The latest novel from Nobel laureate Gurnah resists categorization. As a breathtaking historical account, this underscores decades-long horrors of war, displacement, slavery, and colonial conquest. Yet Gurnah also intimately captures luminous facets of humanity through unique characters, each with a rich personal background and attention-grabbing, often humorous, sometimes disturbing idiosyncrasies. Ultimately, in this story of a love that transcends pain, suffering, tragedy, and misfortune, Gurnah constructs a remarkable portrait of tenderness, deep affection, and longing that stretches over time and across continents ... Absorbing, powerful, and enduring, Afterlives is an extraordinary reading experience by one of the great writers of our time.

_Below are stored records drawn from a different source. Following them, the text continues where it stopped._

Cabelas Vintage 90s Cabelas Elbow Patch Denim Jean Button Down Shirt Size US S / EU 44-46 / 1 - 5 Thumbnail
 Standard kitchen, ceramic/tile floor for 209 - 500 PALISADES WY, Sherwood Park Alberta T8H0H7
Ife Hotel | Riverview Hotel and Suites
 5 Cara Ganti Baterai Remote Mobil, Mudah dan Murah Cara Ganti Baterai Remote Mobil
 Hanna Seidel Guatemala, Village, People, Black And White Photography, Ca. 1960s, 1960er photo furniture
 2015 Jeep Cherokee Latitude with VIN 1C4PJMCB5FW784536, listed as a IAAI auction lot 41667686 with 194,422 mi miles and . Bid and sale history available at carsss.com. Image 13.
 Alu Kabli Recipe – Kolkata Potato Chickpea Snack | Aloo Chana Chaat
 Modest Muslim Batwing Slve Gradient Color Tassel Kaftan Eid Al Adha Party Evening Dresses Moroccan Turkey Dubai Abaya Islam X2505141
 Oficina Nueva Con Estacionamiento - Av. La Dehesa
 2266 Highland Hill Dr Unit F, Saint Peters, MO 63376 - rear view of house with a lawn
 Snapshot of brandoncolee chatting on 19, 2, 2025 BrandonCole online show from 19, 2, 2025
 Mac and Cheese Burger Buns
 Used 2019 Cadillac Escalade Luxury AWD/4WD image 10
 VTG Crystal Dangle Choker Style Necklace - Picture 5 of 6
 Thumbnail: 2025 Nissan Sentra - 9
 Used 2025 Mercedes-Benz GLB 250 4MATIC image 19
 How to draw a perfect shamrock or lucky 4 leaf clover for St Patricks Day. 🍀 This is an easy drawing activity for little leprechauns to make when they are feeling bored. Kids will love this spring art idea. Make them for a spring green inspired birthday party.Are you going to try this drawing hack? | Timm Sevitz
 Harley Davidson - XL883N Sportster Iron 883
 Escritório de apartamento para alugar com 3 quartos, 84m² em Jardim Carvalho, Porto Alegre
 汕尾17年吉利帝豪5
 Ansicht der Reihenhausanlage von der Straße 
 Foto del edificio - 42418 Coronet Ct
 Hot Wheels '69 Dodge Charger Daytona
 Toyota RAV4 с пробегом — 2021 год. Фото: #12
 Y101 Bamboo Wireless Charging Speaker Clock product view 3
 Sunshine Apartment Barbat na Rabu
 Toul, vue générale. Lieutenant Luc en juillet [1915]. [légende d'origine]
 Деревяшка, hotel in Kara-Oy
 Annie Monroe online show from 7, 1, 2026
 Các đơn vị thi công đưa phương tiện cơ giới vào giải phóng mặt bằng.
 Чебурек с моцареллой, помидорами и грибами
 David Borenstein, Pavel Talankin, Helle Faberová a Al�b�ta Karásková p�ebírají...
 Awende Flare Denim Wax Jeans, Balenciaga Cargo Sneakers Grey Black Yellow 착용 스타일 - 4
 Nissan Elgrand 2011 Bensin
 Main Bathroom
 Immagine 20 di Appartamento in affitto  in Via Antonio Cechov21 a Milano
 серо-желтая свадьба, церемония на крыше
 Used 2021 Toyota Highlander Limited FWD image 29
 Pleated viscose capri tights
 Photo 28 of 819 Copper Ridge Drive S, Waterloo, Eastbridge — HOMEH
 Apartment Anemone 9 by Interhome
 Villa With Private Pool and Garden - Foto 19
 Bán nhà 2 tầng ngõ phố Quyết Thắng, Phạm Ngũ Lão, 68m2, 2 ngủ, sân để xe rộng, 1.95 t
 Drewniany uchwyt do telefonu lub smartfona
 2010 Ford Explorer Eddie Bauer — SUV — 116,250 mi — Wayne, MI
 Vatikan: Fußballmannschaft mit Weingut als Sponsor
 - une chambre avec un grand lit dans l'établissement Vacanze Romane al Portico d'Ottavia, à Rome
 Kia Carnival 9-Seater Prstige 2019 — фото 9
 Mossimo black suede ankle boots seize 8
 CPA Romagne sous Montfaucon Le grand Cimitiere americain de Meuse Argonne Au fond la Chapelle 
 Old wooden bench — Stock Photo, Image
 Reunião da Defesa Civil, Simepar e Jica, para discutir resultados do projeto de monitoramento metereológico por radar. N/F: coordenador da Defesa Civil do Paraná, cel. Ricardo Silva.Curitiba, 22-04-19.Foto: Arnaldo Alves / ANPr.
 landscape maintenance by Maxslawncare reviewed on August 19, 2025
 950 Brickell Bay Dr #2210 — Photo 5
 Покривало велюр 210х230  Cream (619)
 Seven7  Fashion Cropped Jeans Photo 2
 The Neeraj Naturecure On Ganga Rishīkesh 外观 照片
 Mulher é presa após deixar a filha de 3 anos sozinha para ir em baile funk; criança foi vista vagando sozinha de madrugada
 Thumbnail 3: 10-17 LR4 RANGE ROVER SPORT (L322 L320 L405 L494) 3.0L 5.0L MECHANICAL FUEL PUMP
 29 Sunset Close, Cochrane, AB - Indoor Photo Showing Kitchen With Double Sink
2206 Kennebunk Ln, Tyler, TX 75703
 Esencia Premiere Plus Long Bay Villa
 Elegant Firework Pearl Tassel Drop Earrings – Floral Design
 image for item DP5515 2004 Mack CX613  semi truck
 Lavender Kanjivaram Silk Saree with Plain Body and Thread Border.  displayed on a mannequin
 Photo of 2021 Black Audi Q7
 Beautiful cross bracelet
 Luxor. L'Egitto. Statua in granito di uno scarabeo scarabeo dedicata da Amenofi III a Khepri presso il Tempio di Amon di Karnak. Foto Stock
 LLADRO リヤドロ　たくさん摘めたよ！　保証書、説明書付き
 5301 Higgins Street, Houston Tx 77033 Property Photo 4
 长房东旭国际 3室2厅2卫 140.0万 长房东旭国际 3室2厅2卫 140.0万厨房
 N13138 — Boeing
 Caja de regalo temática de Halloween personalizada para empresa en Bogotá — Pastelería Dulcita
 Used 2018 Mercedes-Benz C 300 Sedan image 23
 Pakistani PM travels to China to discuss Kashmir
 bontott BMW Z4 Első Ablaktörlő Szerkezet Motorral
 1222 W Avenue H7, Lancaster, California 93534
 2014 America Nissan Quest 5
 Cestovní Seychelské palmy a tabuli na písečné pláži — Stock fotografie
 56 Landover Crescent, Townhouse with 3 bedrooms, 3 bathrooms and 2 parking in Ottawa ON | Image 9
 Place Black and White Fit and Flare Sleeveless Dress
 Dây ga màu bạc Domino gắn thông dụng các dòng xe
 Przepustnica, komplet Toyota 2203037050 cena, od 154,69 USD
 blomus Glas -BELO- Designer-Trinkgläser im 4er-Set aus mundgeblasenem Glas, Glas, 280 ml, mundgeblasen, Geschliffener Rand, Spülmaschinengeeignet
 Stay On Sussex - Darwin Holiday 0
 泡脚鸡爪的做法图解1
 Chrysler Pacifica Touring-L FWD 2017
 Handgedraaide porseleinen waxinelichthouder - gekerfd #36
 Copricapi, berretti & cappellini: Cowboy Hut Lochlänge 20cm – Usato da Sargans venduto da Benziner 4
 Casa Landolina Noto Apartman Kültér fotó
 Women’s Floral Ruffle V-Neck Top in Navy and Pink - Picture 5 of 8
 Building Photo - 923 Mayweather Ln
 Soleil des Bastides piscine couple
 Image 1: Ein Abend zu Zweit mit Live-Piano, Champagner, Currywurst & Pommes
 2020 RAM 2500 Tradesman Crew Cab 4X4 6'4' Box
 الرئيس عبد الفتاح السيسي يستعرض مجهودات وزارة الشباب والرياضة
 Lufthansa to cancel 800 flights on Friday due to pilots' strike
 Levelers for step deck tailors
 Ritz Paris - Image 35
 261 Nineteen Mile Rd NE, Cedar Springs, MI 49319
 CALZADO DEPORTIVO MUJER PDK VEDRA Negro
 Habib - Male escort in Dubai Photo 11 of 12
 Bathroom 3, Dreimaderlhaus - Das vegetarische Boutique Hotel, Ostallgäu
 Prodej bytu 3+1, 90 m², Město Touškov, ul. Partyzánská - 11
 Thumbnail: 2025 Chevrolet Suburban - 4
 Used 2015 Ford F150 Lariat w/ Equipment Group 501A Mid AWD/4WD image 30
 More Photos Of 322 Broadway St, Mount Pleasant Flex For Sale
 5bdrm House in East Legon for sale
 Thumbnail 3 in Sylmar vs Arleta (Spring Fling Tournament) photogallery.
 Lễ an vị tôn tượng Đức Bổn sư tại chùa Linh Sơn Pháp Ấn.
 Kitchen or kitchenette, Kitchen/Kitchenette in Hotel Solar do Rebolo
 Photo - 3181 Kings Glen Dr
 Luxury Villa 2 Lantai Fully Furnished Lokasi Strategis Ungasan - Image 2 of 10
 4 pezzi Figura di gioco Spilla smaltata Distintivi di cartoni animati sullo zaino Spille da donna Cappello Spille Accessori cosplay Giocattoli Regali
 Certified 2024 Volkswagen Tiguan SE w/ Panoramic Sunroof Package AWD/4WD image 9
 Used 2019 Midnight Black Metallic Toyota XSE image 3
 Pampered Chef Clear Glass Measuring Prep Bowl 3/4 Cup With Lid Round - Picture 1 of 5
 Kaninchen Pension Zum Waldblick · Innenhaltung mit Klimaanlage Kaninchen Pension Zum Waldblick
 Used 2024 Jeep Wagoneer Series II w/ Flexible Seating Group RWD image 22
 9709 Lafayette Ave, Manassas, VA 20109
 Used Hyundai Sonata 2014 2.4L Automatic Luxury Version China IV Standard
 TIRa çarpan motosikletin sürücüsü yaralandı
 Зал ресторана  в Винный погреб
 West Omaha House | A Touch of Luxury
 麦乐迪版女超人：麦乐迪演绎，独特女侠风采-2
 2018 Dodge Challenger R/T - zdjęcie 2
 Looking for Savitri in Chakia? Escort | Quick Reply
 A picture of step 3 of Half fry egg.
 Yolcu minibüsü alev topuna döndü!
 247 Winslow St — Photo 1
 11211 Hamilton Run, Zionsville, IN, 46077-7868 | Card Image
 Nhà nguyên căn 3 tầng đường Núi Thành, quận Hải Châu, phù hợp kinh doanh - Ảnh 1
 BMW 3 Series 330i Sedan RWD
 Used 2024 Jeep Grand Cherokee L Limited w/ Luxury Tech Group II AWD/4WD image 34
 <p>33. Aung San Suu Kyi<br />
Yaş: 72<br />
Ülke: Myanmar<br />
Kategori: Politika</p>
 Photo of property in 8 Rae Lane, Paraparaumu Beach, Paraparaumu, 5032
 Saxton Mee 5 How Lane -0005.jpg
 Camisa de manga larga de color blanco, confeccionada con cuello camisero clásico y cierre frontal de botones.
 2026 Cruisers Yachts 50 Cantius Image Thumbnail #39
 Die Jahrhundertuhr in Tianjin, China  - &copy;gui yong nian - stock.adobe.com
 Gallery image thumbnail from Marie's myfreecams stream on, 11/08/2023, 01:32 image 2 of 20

... a century of East Africa’s history comes viscerally to life through deeply flawed, wryly funny, sometimes admirable characters ... Focusing on the daily lives of these people, Gurnah touches on important themes, including the push/pull of various cultures, the value of education for women, and the ramifications of protracted wars, though he fails to delve deeply into any ... Will appeal to aficionados of historical fiction but could leave others yearning for a deeper understanding of the characters’ motivations for their sometimes inexplicable actions. Still, the Nobel Prize bestowed renewed international acclaim on Gurnah’s body of work, making this novel a must-have.
Gurnah’s story is an understated study in personality; the action is sparing, the reaction nuanced and wholly believable, and the love story that develops between Hamza and a young woman named Afiya touching ... impeccably written ... A novel with an epic feel, even at 320 pages, building a complex, character-based story that stretches over generations.
... riveting ... Gurnah’s spare, unvarnished prose shines a harsh but honest light on the brutality of Africa’s colonial past and the violence inflicted by Europeans, which amounts to 'absurd and nonchalant heroics,' and through his rich main characters, the impact of colonialism and other key global events truly hits home. This profound account of empire and the everyman is not to be missed.